What to do → Pictures in the listing do not belong in the copy, which should repeat exactly the lines from the one holding "JENGIBRE molido 60gr. ECO" through the last line.

Record set →
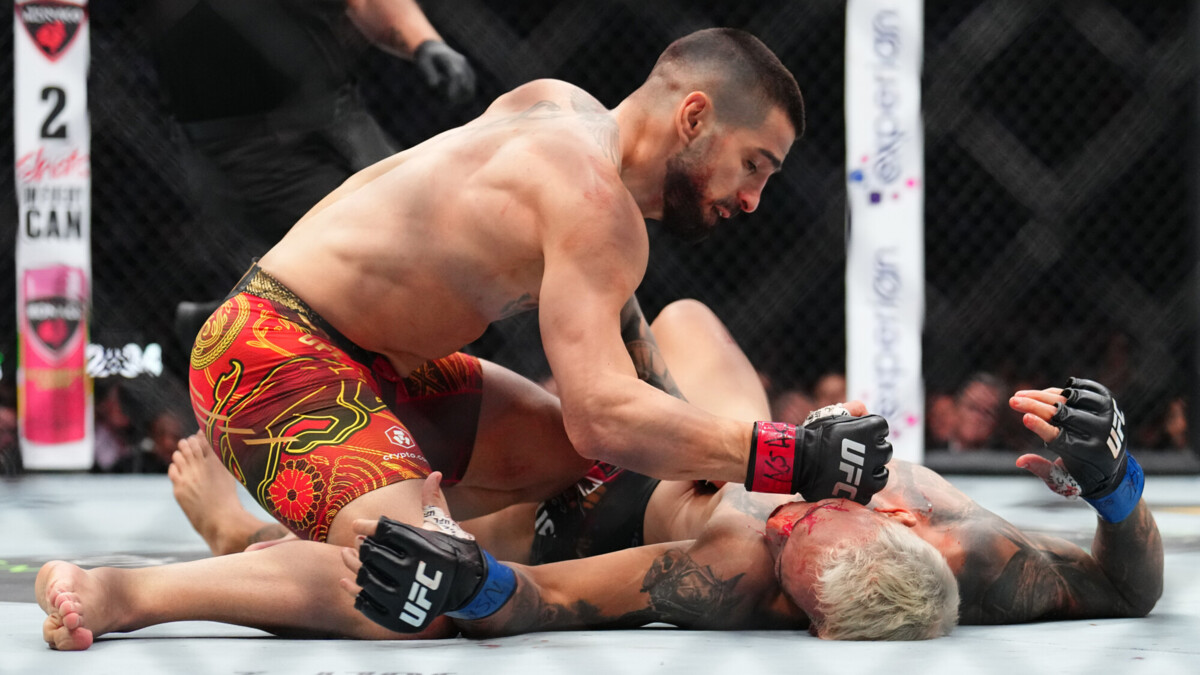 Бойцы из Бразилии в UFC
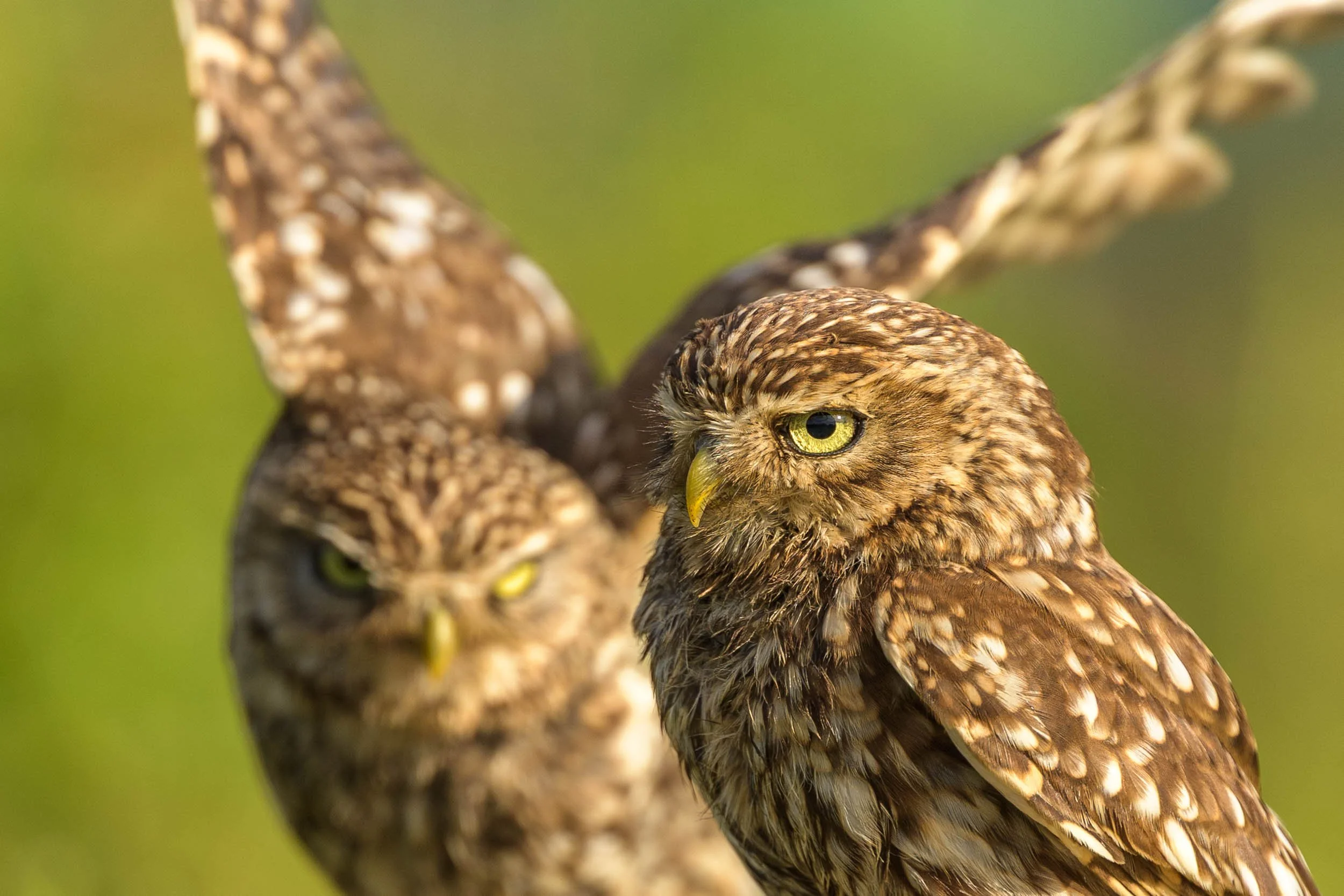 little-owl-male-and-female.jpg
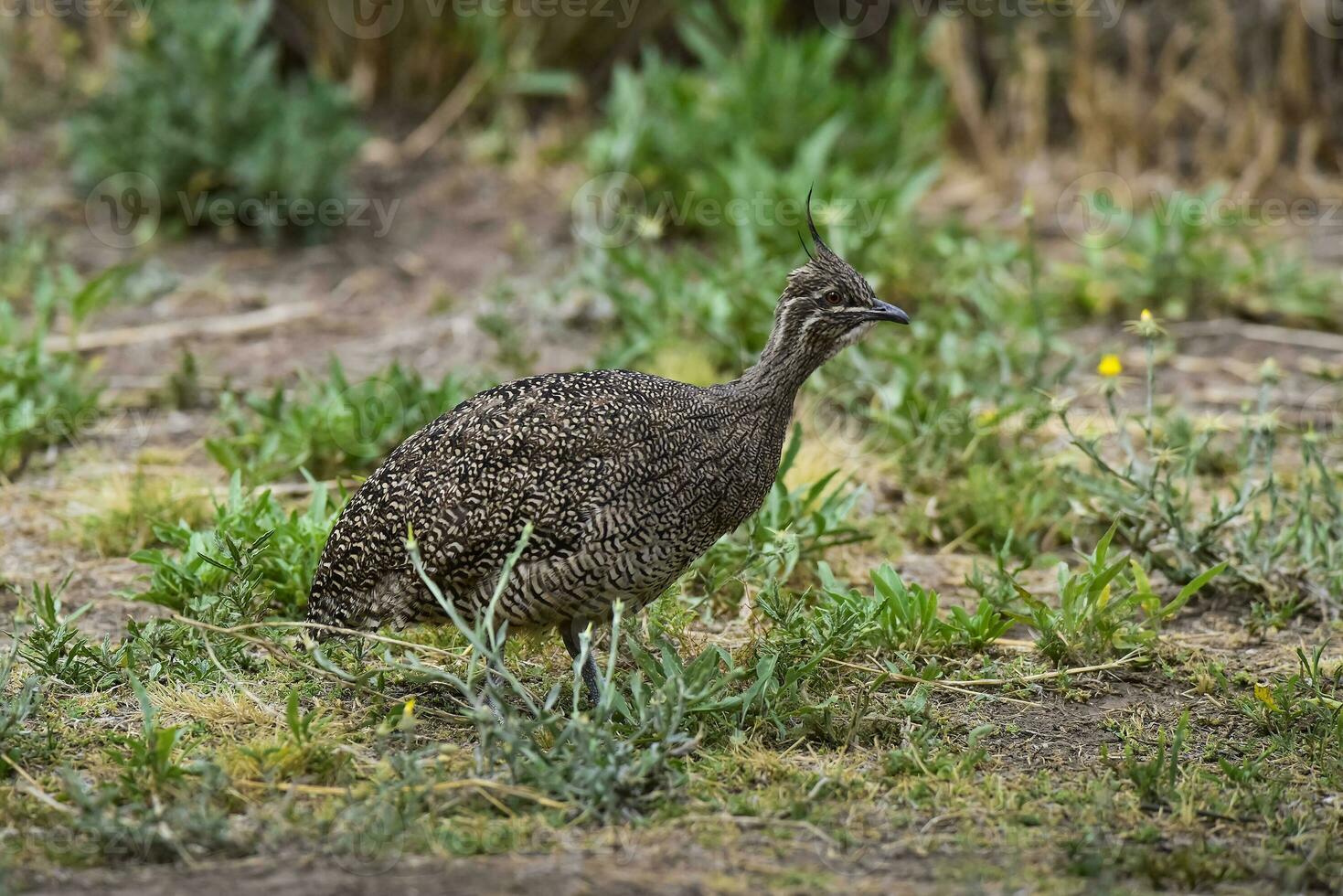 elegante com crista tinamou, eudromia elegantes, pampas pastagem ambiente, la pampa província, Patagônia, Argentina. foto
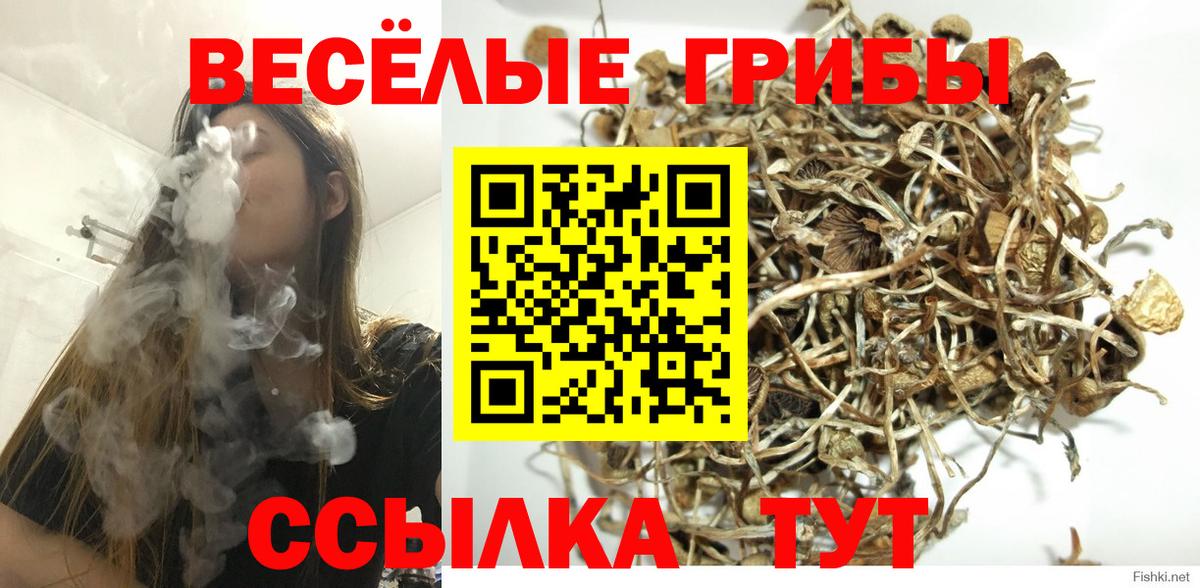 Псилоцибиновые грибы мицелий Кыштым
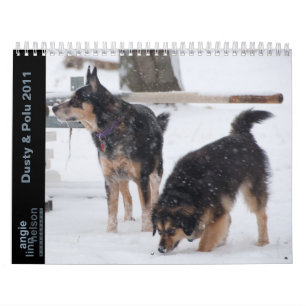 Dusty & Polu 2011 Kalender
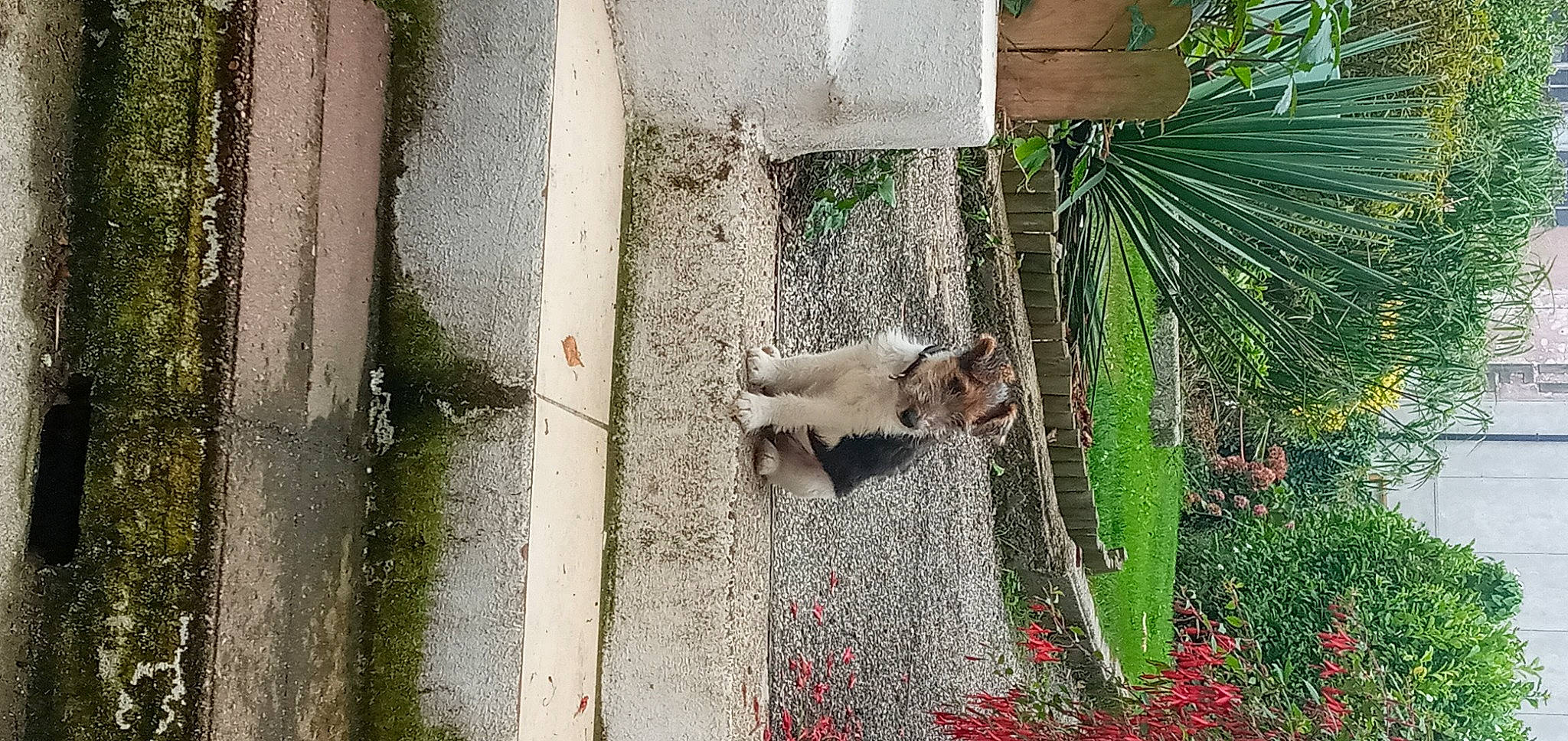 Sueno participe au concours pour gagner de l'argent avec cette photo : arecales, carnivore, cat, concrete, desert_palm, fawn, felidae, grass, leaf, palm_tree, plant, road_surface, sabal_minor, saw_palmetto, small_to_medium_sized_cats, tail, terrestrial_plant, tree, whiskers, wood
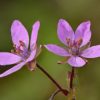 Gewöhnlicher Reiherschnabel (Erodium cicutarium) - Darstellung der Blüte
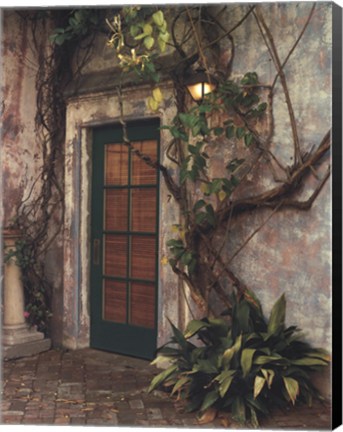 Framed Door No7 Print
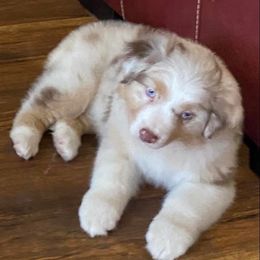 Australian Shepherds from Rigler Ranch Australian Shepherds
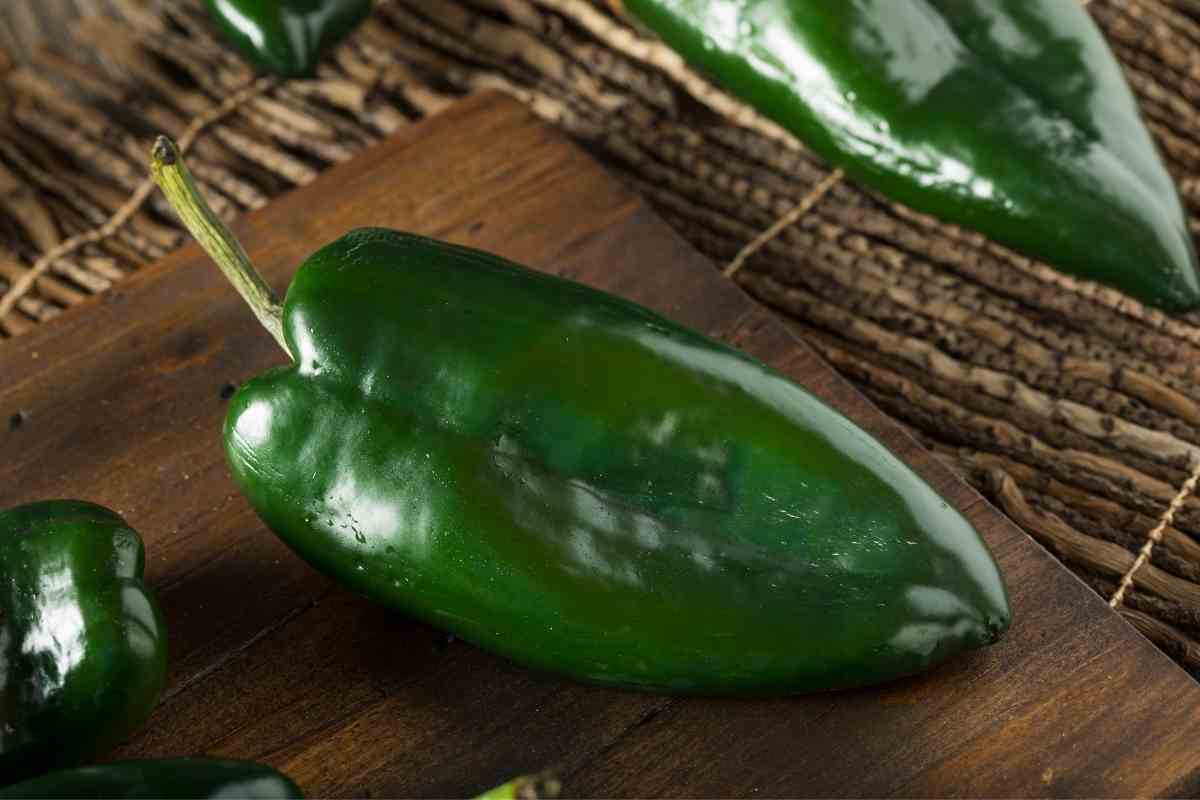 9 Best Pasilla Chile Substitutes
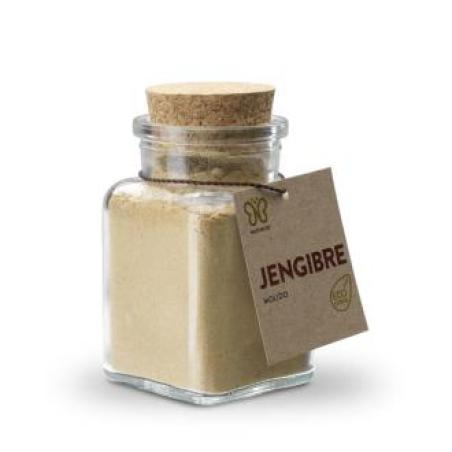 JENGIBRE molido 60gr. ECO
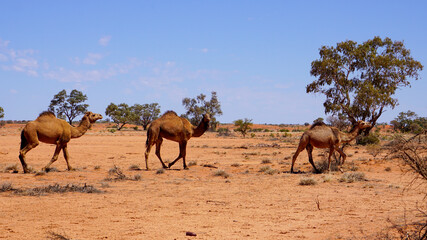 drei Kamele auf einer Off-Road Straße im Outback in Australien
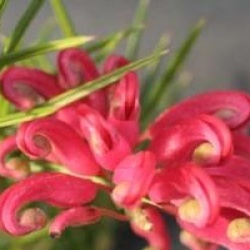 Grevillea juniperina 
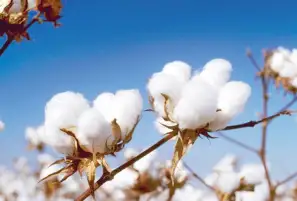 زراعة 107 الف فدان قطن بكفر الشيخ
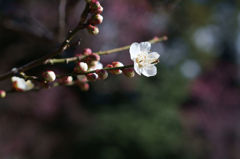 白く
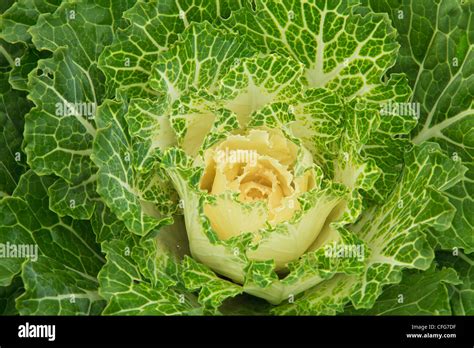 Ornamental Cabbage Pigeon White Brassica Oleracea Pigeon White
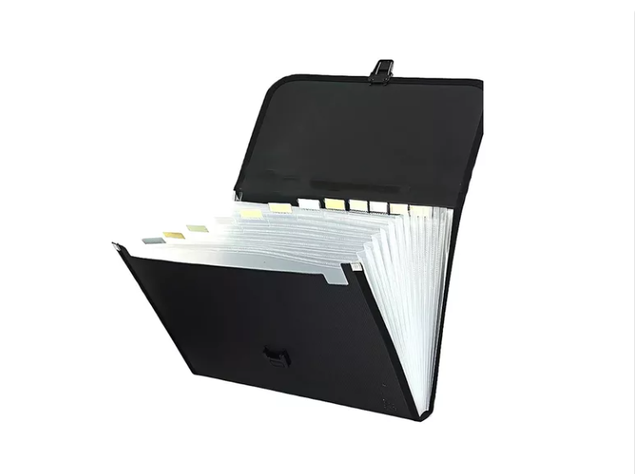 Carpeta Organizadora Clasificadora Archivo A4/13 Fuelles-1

Result of this exercise →
 JENGIBRE molido 60gr. ECO
 drei Kamele auf einer Off-Road Straße im Outback in Australien
 Grevillea juniperina 
 زراعة 107 الف فدان قطن بكفر الشيخ
 白く
 Ornamental Cabbage Pigeon White Brassica Oleracea Pigeon White
 Carpeta Organizadora Clasificadora Archivo A4/13 Fuelles-1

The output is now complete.